EX-5.1 2 l20526bexv5w1.htm EX-5.1 EX-5.1
 

Exhibit 5.1
Nixon Peabody LLP
Attorneys at Law
Clinton Square
P.O. Box 31051
Rochester, New York 14603-1051
(585) 263-1000
Fax: (585) 263-1600
July 25, 2006
Alliance Financial Corporation
120 Madison Street, 18th Floor
Syracuse, New York 13202
Gentlemen:
     We have acted as counsel to Alliance Financial Corporation, a New York corporation (the “Company”), in connection with preparation of a Registration Statement on Form S-4, Registration No. 333-135141, (as the same may be amended and supplemented, the “Registration Statement”) initially filed by the Company on June 19, 2006 with the Securities and Exchange Commission (the “Commission”) under the Securities Act of 1933, as amended (the “Act”), in connection with the registration of up to 1,307,053 shares (the “Shares”) of common stock of the Company, $1.00 par value per share, that may be issued by the Company to the stockholders of Bridge Street Financial, Inc. (“Bridge Street”) in connection with the merger (“Merger”) of Bridge Street with and into the Company pursuant to the Agreement and Plan of Merger, dated as of April 23, 2006, by and between Bridge Street and the Company.
     This opinion is being delivered to you in connection with the Registration Statement.
     In connection with the foregoing, we have examined the Registration Statement and the Prospectus contained in the Registration Statement (the “Prospectus”).
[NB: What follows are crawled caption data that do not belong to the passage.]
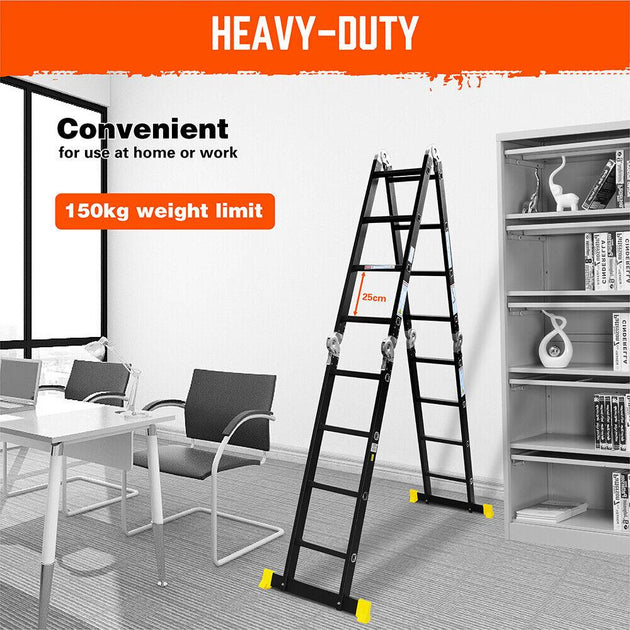 Buy 4.7M Multi Purpose Ladder Aluminium Folding Platform Extension Step Non-Slip Au discounted | Products On Sale Australia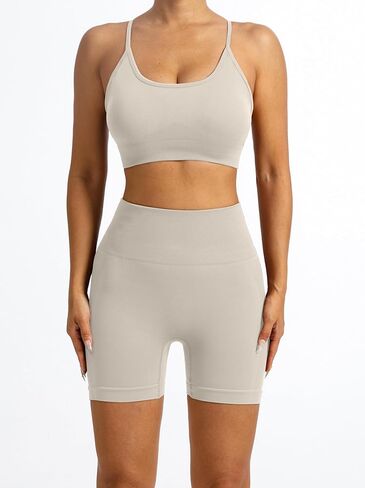 Tie Dye Seamless Workout Sets for Women 2 Piece Outfits Backless Sports Bra Scrunch Butt Gym Yoga Booty Shorts in Kuwait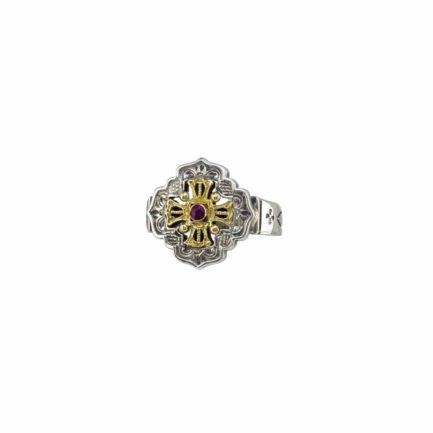 Byzantine Ring for Women’s Ruby 18k Yellow Gold and Sterling Silver 925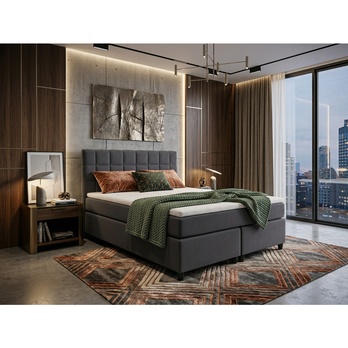 Postel s matrací a topperem BIRNA 2 BSB tmavě šedá, 140x200 cm 1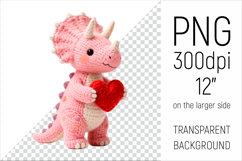 Knitted Dino with Heart Clipart. This illustration is perfect for Valentines Day projects, nursery decor, baby gifts, and cute sublimation designs.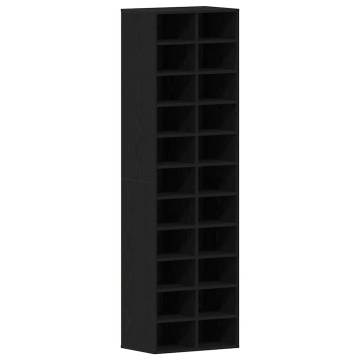 Shoe Cabinet Black Oak - Durable Engineered Wood Storage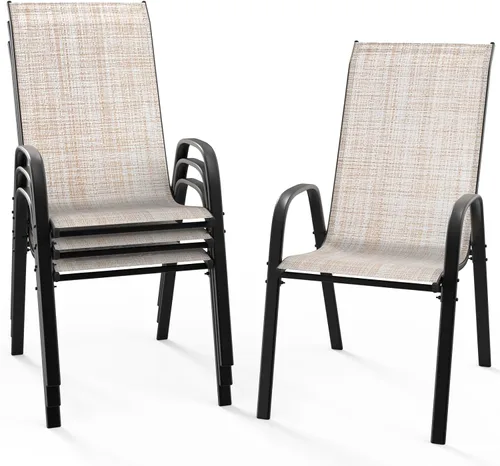 Miniatura 12 de VINGLI Juego de 2 sillas de patio – Sillas de comedor apilables para exteriores con cómodas sillas de respaldo alto y reposabrazos para césped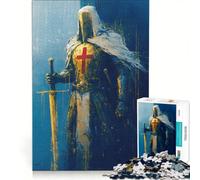 Puzzle da 1000 pezzi per adulti con dipinto di un cavaliere templare giocattolo fai-da-te interazione genitore-figlio collezione d'artista belle arti 50x75cm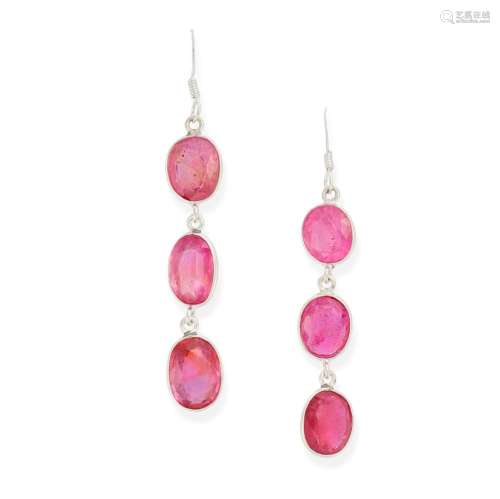 A PAIR OF GLASS FILLED RUBY DROP EARRINGS each set with thre...
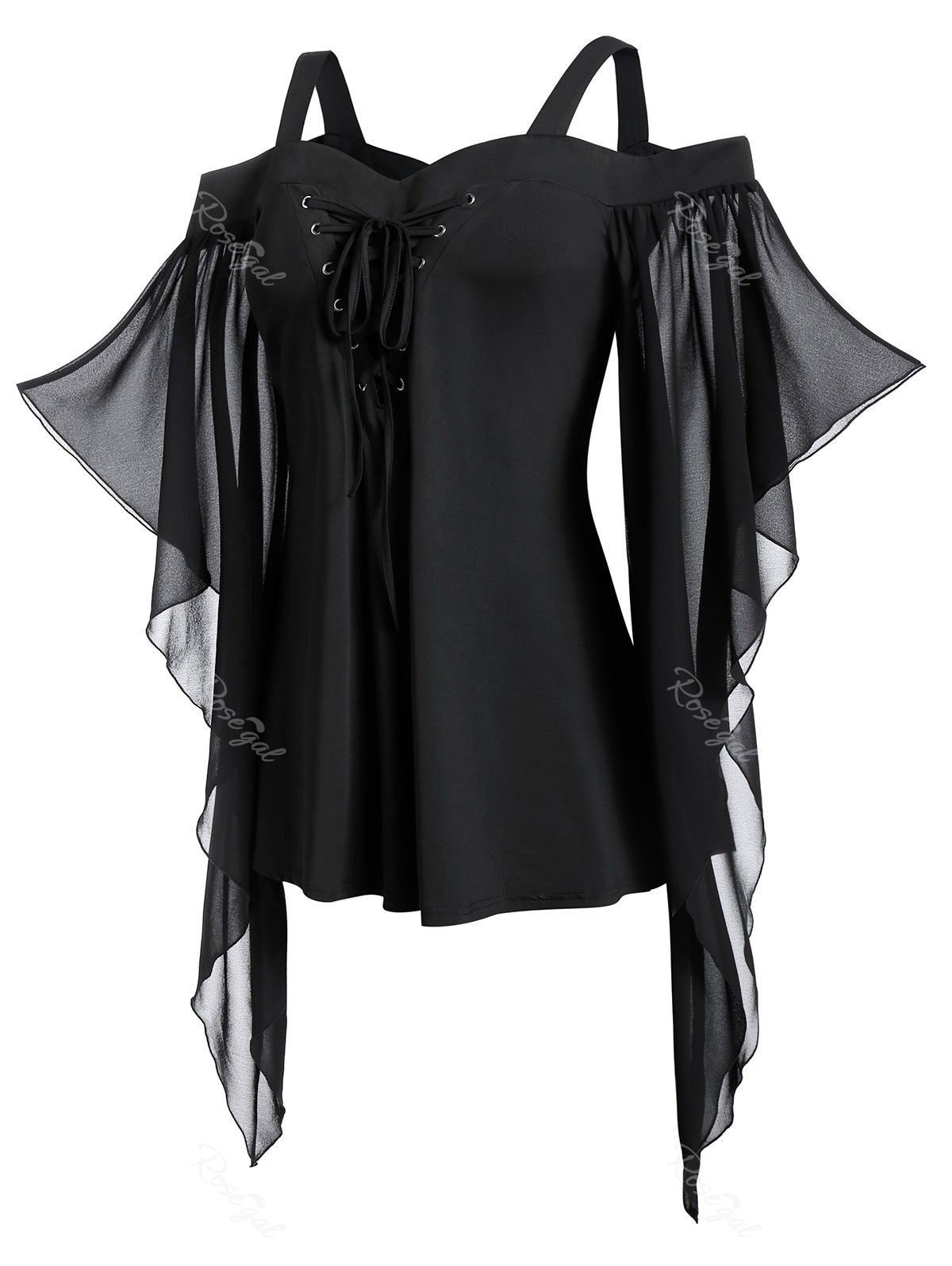 

Plus Size Lace Up Butterfly Sleeve Halloween Gothic T-shirt, Black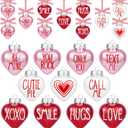 11 Pcs Valentines Day Heart Ornaments, 2.4 Inch Red Pink White Valentine's Heart Shaped Baubles Decorations Glitter Conversation Hearts Hanging Ornament for Tree Home Galentines Party Supplies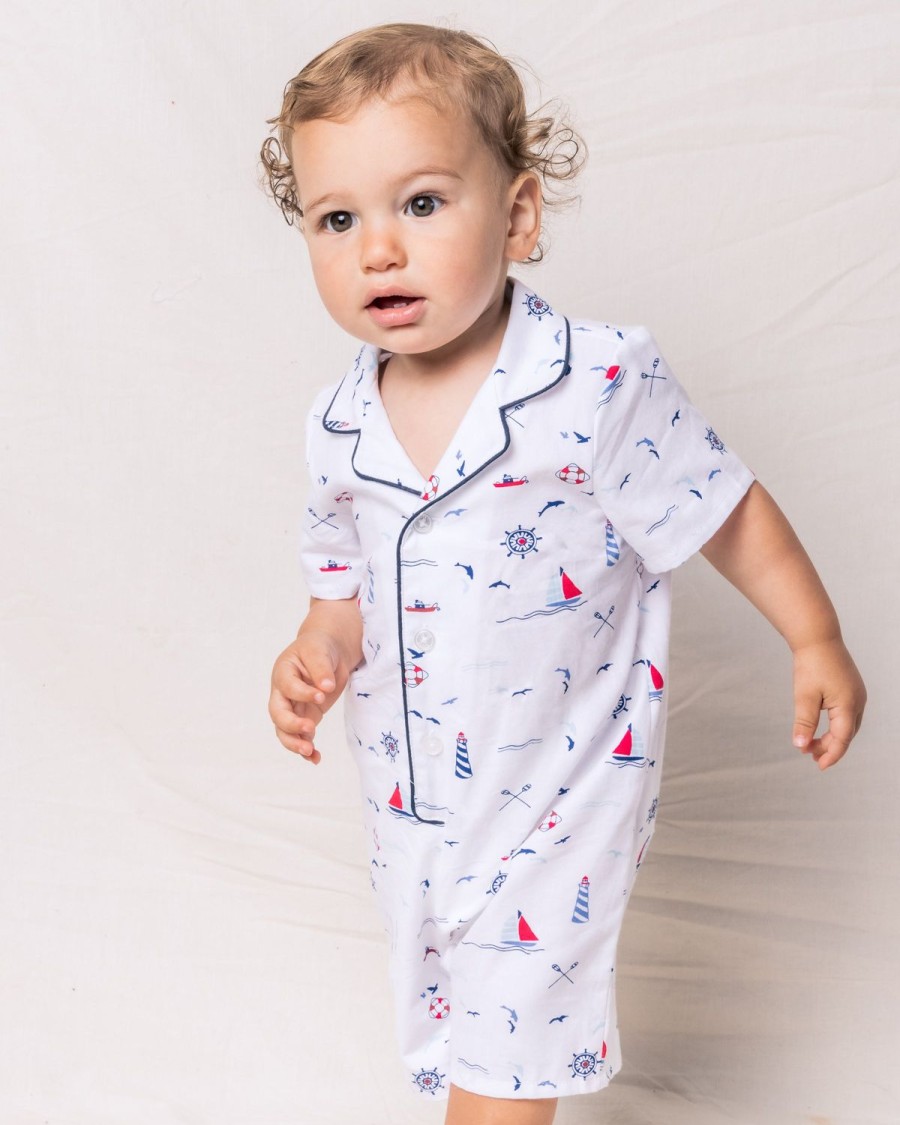 Kids Petite Plume Rompers | Baby'S Twill Summer Romper In Sail Away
We also have examined originals or copies, certified or otherwise identified to our satisfaction, of such corporate records, certificates and other documents and have made such investigations of law as we have deemed necessary or appropriate as a basis for the opinions expressed below.
     As to questions of fact material to our opinions expressed herein, we have, when relevant facts were not independently established, relied upon certificates of, and information received from, the Company and/or representatives of the Company. We have made no independent investigation of the facts stated in such certificates or as to any information received from the Company and/or representatives of the Company and do not opine as to the accuracy of such factual matters. We also have relied, without investigation, upon certificates and other documents from, and conversations with, public officials.

 


 

     In rendering the following opinions, we have assumed, without investigation, the authenticity of any document or other instrument submitted to us as an original, the conformity to the originals of any document or other instrument submitted to us as a copy, the genuineness of all signatures on such originals or copies, and the legal capacity of natural persons who executed any such document or instrument at the time of execution thereof.
     Members of our firm involved in the preparation of this opinion are licensed to practice law in the State of New York and we do not purport to be experts on, or to express any opinion herein concerning, the laws of any other jurisdiction other than the laws of the State of New York.
     Based upon and subject to the qualifications and limitations contained herein, we are of the opinion that, following the effectiveness of the Registration Statement and the effectiveness of the Merger, the Shares, when issued in the manner described in the Registration Statement, will be duly authorized, validly issued, fully paid and non-assessable.
     We hereby consent to the filing of this opinion as an exhibit to the Registration Statement and to the use of our name as it appears under the caption “Legal Matters” in the Prospectus. In giving such consent, we do not thereby admit that we are an “expert” within the meaning of the Act.